El doble atentado de ayer contra hoteles de Estambul, además de segar dos vidas y dejar once heridos --cuatro españoles entre ellos--, genera alarma por un país que es el eslabón más débil de la OTAN en el combate contra el terrorismo islamista y que constituye un laboratorio político en el que un Gobierno elegido, de inspiración coránica, cohabita azarosamente con un Ejército de tradición golpista que se presenta como el guardián del laicismo.

Aunque más del 95% de la población profesa el islam, Turquía mantiene estrechas alianzas con Estados Unidos e Israel, lo que se traduce en una alambicada diplomacia, hiriente para los adeptos de las numerosas metástasis de Al Qaeda.

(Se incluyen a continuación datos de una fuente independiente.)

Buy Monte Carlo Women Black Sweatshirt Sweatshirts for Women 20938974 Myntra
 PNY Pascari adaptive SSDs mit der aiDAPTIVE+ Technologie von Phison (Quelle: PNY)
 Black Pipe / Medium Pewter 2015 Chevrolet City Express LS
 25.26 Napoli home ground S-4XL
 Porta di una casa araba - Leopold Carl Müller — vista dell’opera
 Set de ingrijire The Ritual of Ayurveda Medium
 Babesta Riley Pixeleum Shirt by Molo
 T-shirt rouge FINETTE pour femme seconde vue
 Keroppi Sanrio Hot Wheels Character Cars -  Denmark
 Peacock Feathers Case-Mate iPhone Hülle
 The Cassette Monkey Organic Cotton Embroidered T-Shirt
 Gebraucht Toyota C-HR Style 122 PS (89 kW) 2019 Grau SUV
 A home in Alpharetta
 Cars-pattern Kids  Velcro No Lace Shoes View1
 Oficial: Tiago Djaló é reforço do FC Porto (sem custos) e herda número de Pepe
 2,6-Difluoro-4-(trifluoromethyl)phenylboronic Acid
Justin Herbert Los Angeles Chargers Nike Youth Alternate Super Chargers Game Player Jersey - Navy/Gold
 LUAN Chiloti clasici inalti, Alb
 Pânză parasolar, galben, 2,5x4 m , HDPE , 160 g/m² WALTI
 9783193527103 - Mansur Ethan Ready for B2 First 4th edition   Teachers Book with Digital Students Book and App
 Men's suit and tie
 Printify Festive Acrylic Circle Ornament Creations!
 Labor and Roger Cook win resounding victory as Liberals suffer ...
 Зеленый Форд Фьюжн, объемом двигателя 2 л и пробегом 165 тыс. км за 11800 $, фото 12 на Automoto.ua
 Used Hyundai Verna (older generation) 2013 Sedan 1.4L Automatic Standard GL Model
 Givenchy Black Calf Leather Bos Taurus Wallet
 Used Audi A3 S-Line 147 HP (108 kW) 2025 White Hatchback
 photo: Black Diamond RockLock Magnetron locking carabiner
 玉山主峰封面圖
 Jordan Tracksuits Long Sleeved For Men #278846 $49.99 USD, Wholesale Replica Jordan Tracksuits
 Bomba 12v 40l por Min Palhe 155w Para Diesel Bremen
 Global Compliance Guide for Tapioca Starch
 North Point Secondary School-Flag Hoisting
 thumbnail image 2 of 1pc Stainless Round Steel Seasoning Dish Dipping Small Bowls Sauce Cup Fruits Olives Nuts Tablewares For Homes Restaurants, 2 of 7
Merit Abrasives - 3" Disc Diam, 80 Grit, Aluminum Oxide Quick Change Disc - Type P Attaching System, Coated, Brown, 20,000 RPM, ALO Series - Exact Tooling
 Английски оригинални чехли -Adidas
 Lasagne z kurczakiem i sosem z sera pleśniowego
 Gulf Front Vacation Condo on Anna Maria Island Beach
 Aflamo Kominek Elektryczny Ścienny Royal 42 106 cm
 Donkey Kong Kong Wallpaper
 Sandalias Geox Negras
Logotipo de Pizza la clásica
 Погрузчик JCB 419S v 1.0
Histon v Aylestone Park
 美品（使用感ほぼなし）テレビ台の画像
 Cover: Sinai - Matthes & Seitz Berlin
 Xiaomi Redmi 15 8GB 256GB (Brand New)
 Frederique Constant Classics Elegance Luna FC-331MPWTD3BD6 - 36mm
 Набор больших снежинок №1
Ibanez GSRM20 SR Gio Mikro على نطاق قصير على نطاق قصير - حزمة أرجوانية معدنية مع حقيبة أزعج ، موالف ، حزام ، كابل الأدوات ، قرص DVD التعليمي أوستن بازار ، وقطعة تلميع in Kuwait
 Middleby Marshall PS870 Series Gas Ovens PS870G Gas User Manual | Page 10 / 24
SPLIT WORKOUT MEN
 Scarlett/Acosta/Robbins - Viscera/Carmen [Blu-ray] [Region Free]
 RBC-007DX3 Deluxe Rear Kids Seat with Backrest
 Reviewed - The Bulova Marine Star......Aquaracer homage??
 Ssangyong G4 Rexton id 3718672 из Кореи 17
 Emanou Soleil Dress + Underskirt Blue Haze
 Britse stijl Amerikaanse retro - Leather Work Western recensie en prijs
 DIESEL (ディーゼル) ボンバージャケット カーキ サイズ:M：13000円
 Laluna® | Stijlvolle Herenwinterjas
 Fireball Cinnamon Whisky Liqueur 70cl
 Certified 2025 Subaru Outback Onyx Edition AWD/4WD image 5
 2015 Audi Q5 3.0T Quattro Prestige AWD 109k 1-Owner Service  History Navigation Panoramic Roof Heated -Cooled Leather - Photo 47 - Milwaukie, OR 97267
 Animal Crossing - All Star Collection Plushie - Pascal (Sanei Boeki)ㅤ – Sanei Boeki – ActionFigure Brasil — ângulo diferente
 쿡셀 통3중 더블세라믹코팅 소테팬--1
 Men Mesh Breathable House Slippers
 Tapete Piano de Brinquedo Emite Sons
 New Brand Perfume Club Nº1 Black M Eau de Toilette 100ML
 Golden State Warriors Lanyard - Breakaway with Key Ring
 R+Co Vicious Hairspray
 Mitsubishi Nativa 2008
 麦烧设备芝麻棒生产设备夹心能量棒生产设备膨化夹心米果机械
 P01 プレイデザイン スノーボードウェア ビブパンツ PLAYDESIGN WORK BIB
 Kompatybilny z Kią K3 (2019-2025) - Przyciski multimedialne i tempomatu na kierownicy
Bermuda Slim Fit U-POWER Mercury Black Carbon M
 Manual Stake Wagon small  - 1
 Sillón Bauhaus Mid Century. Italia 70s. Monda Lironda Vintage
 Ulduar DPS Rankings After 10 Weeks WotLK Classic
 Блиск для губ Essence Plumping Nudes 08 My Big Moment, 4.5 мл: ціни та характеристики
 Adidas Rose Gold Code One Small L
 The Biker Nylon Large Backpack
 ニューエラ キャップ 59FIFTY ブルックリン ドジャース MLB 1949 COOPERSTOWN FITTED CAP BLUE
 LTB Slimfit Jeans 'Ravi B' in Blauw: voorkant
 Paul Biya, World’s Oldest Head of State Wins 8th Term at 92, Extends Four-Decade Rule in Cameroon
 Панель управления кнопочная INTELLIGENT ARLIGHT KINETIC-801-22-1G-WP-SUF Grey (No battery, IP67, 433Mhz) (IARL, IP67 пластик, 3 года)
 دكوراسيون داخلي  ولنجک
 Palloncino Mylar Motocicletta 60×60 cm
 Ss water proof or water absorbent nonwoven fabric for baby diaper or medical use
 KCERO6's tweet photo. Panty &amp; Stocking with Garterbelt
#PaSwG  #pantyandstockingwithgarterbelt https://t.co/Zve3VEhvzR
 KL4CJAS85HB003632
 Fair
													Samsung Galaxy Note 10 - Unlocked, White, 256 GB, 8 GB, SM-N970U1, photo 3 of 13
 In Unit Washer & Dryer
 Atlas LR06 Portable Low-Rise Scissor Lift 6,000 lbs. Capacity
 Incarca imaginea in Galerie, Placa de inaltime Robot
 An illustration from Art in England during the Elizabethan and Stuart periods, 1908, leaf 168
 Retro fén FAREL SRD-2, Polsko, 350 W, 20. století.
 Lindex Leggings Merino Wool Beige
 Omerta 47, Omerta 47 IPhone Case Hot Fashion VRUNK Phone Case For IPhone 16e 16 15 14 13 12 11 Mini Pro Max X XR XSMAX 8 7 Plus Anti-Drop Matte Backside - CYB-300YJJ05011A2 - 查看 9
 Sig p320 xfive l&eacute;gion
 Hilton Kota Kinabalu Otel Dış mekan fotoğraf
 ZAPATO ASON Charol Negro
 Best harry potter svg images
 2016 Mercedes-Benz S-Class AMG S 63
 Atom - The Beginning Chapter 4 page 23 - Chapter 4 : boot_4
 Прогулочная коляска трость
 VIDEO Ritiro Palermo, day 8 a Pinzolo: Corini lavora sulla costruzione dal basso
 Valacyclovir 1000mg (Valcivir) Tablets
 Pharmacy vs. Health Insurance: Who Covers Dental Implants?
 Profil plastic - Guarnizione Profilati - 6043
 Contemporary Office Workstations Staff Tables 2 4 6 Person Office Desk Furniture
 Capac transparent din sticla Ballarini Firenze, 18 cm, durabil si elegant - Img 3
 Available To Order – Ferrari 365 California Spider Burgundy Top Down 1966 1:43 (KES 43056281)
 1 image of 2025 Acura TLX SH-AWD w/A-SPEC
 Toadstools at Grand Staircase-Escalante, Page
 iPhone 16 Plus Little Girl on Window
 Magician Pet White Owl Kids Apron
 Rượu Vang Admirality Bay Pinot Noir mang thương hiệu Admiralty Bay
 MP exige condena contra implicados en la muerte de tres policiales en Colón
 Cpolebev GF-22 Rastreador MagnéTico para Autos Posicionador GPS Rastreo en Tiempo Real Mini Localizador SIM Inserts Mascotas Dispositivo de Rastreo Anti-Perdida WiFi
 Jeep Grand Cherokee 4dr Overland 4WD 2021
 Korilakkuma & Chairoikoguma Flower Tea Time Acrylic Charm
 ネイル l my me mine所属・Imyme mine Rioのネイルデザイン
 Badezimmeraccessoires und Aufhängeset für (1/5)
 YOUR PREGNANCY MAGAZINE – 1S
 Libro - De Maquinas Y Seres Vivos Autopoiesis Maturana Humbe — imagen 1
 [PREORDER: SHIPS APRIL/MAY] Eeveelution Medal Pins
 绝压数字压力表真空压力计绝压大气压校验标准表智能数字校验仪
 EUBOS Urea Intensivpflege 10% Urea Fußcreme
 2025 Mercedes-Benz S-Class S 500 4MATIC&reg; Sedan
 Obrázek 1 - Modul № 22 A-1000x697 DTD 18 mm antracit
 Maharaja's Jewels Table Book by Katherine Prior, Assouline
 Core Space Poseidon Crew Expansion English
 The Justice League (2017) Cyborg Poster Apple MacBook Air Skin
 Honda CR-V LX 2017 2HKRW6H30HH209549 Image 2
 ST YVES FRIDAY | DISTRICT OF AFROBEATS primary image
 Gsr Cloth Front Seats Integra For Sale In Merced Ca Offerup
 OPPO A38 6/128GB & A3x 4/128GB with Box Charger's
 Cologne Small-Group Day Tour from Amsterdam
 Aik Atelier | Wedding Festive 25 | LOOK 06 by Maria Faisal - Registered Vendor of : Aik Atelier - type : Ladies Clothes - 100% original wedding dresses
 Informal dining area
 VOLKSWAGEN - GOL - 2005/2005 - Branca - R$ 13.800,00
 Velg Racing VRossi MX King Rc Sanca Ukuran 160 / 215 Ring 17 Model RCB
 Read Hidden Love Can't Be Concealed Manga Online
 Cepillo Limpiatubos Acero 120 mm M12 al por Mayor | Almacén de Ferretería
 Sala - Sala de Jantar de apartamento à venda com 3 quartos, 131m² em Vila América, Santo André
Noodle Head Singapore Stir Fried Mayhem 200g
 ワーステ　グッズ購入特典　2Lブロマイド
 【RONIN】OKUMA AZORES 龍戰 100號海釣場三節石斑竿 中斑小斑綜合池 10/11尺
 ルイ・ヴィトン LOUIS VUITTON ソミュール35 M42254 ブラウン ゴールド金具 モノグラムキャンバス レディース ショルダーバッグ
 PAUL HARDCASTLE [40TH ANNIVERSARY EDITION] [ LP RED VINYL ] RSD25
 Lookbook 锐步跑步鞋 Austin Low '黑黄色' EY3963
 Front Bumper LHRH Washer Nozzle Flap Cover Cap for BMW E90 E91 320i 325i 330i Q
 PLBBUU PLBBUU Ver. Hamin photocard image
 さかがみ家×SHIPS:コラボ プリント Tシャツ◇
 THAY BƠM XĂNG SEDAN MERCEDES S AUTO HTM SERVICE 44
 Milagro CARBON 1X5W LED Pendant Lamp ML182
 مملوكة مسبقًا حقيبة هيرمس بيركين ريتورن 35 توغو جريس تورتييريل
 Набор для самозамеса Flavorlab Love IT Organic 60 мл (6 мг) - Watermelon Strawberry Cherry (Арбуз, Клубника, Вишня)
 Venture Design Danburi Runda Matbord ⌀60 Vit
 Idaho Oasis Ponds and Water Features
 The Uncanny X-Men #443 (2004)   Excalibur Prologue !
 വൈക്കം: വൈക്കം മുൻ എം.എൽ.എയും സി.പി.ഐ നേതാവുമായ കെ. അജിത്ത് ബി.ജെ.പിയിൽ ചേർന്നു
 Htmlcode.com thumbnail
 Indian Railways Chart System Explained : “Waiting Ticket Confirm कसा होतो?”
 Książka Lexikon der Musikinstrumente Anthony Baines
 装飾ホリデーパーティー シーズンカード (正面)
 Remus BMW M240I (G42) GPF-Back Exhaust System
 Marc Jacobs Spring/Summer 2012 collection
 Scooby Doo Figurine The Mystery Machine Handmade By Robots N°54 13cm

Junto a esa orientación estratégica anómala e impopular, la implicación de Turquía en la crisis de Irak, en razón del petróleo y del eterno problema kurdo, y sus pretensiones europeas, con el respaldo de EEUU, obligan a la Unión Europea a extremar las precauciones, pero con voluntad de concordia, sobre un país clave para el proyecto de erradicar el terrorismo internacional. La gran paradoja es que sólo el Ejército parece capaz de preservar el laicismo en una sociedad desgarrada entre la modernidad y el islamismo.